Death to my ego

I am no one.  I want nothing.  Realizing this has brought me current happiness.  All this sounds like real loser talk, I know.  We’ve been all brought up to want to be the best or at least like the rest.

In the past year I’ve been a bit of a recluse due to foreseen and unforeseen life stuff.  My life now consists of almost no friends and even less family.  At first the realization of this was depressing but once I got used to it and realized I was better off this way I felt sort of enlightened.

Having no circle of people in my life ceased my desire to fit in and the negative feelings I had when I didn’t fit in.  There was no one to really judge me.  I expected less therefore was disappointed less.  My life belonged to me and no one else.  The desire to be “someone”  had died.   I am no one but a human living on this earth.
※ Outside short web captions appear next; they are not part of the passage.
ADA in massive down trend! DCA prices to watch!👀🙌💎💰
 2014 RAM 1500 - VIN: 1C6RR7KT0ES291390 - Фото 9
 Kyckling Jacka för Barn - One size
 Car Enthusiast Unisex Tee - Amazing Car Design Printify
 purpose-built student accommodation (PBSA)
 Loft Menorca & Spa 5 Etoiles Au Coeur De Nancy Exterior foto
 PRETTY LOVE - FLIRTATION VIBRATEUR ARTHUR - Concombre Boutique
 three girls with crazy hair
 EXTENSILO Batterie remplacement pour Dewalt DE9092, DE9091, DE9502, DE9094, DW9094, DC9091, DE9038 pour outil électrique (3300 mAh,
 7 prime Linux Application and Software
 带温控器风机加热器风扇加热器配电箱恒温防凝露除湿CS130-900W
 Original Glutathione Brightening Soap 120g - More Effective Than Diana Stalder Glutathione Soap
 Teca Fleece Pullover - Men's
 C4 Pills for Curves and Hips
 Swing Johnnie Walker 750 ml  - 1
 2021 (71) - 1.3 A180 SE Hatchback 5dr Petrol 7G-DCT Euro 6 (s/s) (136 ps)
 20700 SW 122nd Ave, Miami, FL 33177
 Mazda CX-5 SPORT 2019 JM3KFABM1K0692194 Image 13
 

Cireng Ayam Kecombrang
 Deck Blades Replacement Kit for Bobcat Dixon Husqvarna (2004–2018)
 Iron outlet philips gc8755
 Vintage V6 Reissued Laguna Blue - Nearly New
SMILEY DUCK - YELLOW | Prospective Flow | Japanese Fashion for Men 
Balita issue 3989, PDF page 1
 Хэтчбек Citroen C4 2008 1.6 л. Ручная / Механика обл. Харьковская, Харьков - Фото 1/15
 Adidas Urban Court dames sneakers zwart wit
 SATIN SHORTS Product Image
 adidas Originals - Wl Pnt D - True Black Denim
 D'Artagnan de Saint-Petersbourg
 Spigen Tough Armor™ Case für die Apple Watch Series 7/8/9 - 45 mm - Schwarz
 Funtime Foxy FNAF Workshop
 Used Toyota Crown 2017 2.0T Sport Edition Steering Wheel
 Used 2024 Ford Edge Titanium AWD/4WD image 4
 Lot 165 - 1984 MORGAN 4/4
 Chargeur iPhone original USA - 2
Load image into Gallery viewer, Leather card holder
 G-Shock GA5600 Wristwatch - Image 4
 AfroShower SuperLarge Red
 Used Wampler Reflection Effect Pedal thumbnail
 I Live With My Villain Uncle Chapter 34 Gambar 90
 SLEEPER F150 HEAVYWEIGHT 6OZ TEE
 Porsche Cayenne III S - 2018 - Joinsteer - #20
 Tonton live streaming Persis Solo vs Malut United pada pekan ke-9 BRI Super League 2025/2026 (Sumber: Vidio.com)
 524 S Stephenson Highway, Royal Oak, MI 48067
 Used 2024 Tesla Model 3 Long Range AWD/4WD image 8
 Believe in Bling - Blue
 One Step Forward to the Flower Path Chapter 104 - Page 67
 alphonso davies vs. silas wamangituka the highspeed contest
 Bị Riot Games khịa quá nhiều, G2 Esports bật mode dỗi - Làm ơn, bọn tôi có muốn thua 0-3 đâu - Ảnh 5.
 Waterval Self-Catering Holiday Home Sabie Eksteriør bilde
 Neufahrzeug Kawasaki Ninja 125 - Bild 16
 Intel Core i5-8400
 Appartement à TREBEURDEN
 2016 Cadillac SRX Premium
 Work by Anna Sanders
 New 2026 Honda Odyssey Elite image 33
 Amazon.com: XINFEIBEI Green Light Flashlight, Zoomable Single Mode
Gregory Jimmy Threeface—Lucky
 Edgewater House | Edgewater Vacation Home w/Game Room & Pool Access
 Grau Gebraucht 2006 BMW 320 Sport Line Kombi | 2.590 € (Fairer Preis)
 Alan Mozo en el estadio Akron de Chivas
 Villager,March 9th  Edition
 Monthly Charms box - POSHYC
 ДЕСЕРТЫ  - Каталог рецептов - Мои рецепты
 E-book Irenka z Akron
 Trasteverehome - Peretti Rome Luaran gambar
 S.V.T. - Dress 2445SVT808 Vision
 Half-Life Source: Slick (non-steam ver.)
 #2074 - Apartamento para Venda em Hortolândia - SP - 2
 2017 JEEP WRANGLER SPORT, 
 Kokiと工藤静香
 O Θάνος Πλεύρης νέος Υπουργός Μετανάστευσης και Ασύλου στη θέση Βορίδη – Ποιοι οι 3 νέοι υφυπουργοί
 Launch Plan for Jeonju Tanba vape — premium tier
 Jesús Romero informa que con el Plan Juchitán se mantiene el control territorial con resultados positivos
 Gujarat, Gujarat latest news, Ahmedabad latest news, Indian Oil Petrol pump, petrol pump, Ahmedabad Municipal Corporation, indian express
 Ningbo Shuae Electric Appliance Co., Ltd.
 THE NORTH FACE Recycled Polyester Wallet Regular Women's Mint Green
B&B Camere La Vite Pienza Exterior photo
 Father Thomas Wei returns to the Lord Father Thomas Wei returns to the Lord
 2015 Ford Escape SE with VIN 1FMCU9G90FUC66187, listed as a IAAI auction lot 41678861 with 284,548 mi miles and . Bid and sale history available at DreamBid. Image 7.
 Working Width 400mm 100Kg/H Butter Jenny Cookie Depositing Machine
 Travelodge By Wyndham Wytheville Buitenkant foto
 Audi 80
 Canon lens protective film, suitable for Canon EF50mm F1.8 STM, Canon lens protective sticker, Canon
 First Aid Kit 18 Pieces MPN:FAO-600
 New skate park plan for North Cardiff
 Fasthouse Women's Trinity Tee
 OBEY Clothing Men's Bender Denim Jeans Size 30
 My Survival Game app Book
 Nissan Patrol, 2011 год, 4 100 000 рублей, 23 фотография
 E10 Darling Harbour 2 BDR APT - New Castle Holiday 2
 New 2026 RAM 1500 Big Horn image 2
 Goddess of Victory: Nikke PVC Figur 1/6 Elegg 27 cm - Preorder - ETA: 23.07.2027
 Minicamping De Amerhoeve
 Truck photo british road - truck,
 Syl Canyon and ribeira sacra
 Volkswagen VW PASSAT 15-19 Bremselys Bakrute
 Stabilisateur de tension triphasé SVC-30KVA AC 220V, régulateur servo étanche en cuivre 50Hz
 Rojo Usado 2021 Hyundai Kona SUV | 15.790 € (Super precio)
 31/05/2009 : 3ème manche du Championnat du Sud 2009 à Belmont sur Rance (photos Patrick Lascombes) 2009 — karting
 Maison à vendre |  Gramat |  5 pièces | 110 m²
A couple times over the past few months I would come across articles from this guy named Eckhart Tolle and he kept talking about the ego and how it was the root of most unhappiness.  Some of it made sense to me but it wasn’t until I stopped trying to fit in all the time that I really saw the meaning.

Ego is fake.  It was just this fake person I created and sustained all these years to make myself feel better about myself.  When I couldn’t live up to my ego it depressed me.  When I could, the gratification was short lived or needed a lot of maintenance.  It made me defensive at times and was often offensive.  I was living for this person and not me.  My ego was this “someone” and he’s mostly dead but not completely cause I know I haven’t totally conquered him.

I used to think only people who desired material things and beautiful people had egos but I now know even a bum on the street can have an ego ruling his life.  As long as you think your a someone somewhere somehow then you’ll have an ego.  Oh man it’s hard to write anything with a slight hangover.